Repeat every record exactly, but keep images out of the copy.
--- START ---
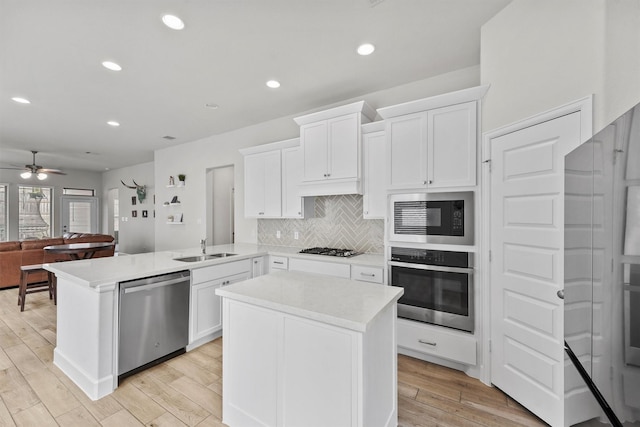 kitchen with stainless steel appliances, white cabinetry, sink, and kitchen peninsula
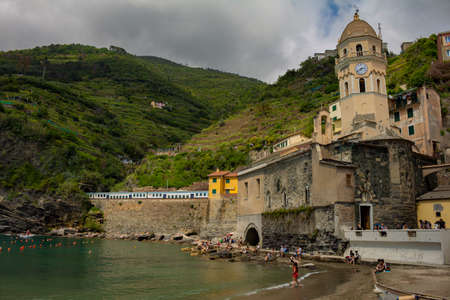 Cinque Terre, Italy. May 15, 2018. Cathedral of the coastal town of northern Italy. Tourists at the...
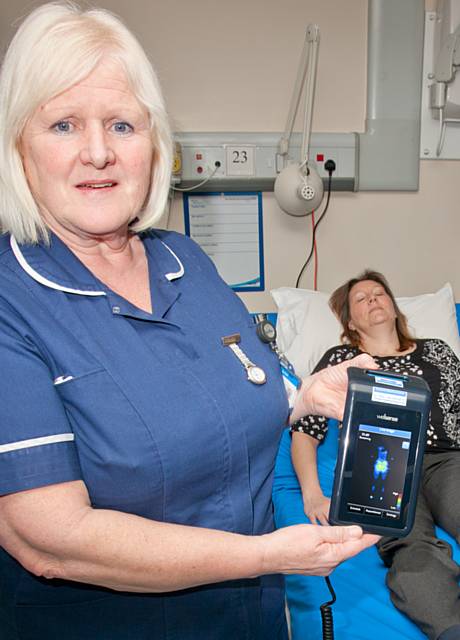 Pauline Abraham, Ward Manager at The Royal Oldham Hospital with the new bedside pressure monitoring device 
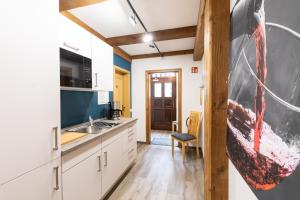 a kitchen with white cabinets and a football painting on the wall at Hotel Stadt Lüdenscheid, Domizil Herzogstraße in Lüdenscheid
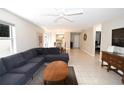 Bright living room with tile floors, ceiling fan, a comfortable sectional couch and view to dining area at 1325 Balboa Ct, The Villages, FL 32159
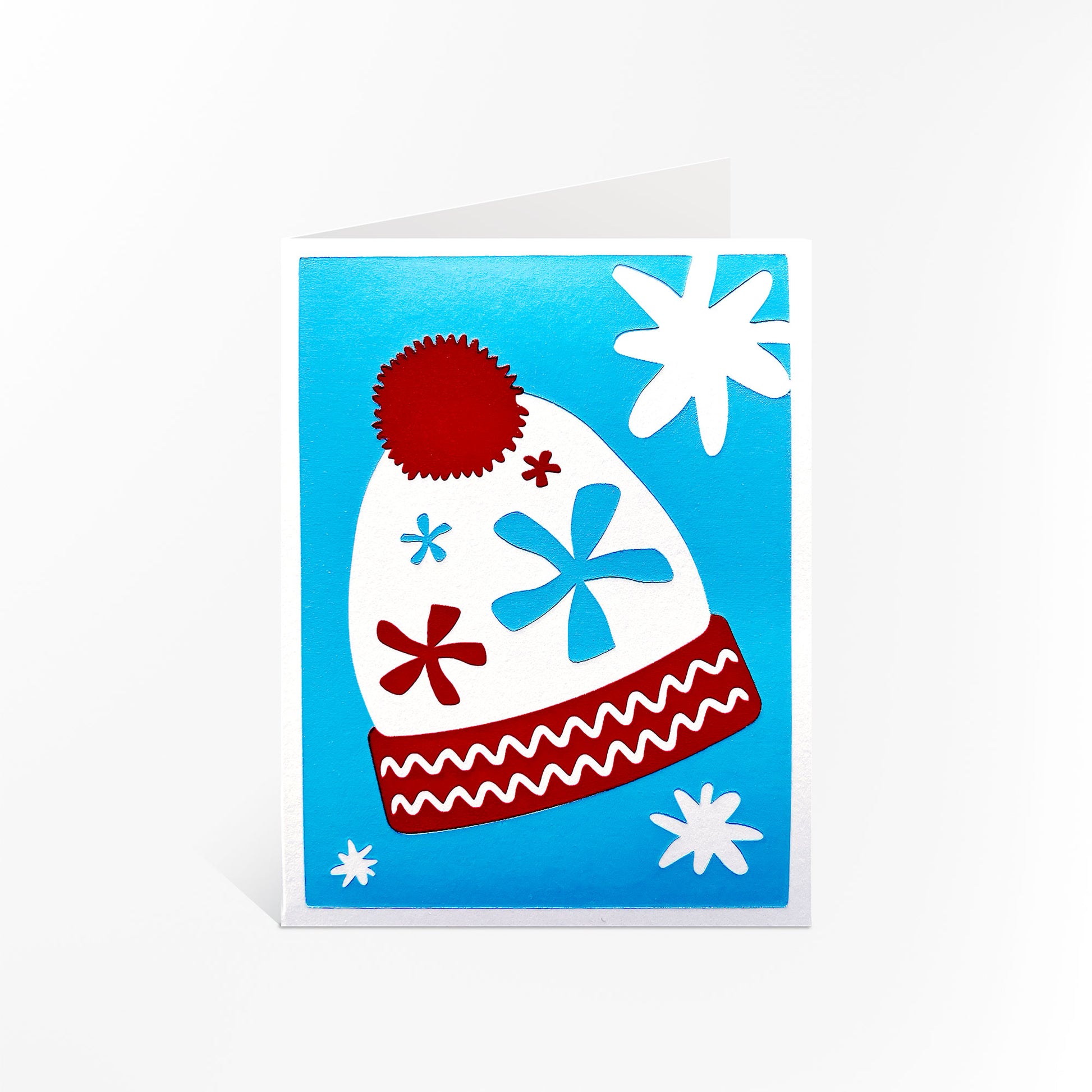 The Twinkling Beanie Card standing upright, highlighting its colorful and cheerful holiday theme.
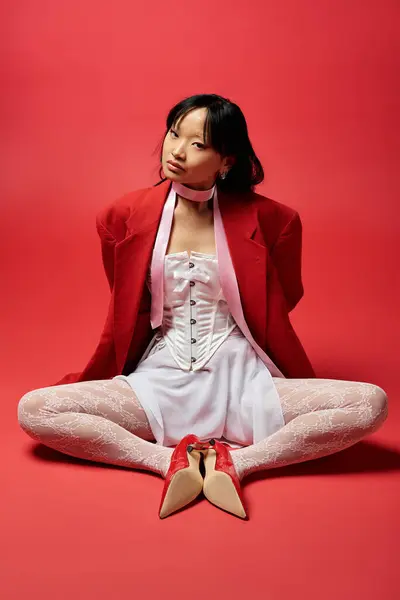 stock image An elegant Asian woman showcases a fashionable red outfit, exuding confidence and grace.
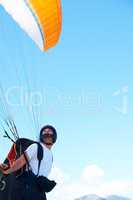 Spread your wings and fly. Shot of a man paragliding on a sunny day.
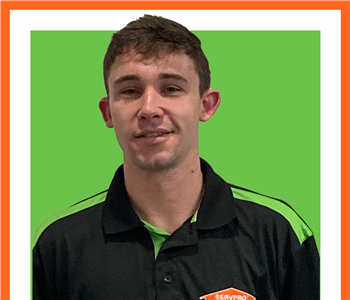 Kyle Workman, male, SERVPRO employee in front of green sign, white background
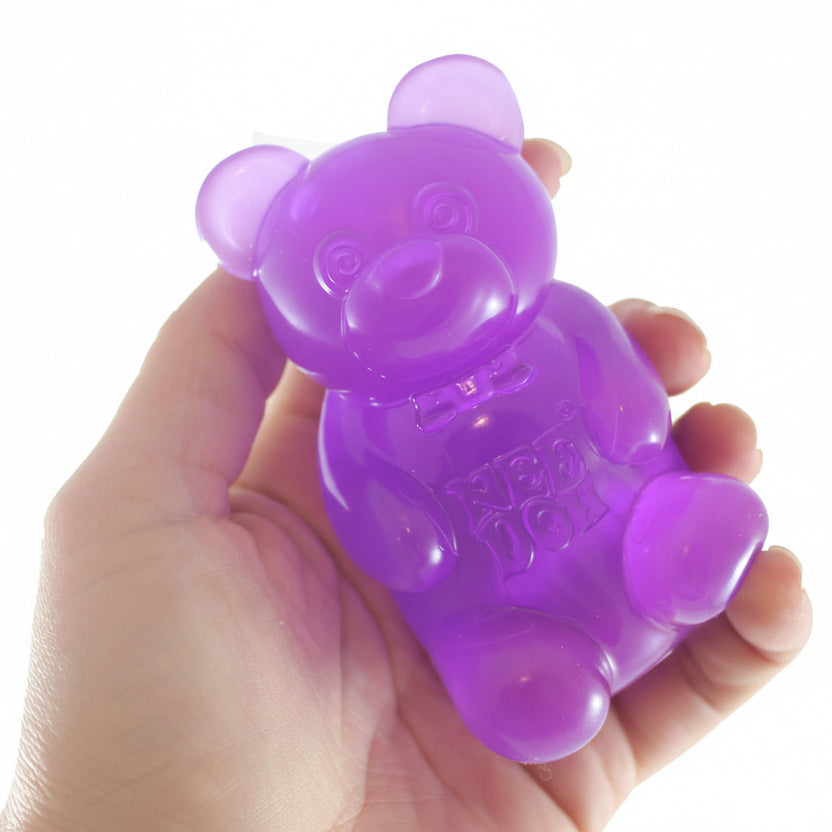 Purple bear-shaped toy held in a hand with 'Curious Minds' branding.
--- END ---
WORKED SOLUTION:
 kitchen with stainless steel appliances, white cabinetry, sink, and kitchen peninsula
 Cinque Terre, Italy. May 15, 2018. Cathedral of the coastal town of northern Italy. Tourists at the...
 Pauline Abraham, Ward Manager at The Royal Oldham Hospital with the new bedside pressure monitoring device 
 a kitchen with white cabinets and a football painting on the wall at Hotel Stadt Lüdenscheid, Domizil Herzogstraße in Lüdenscheid
 Bright living room with tile floors, ceiling fan, a comfortable sectional couch and view to dining area at 1325 Balboa Ct, The Villages, FL 32159
 The Twinkling Beanie Card standing upright, highlighting its colorful and cheerful holiday theme.
 stock image An elegant Asian woman showcases a fashionable red outfit, exuding confidence and grace.
 Spread your wings and fly. Shot of a man paragliding on a sunny day.
 Kyle Workman, male, SERVPRO employee in front of green sign, white background
 Purple bear-shaped toy held in a hand with 'Curious Minds' branding.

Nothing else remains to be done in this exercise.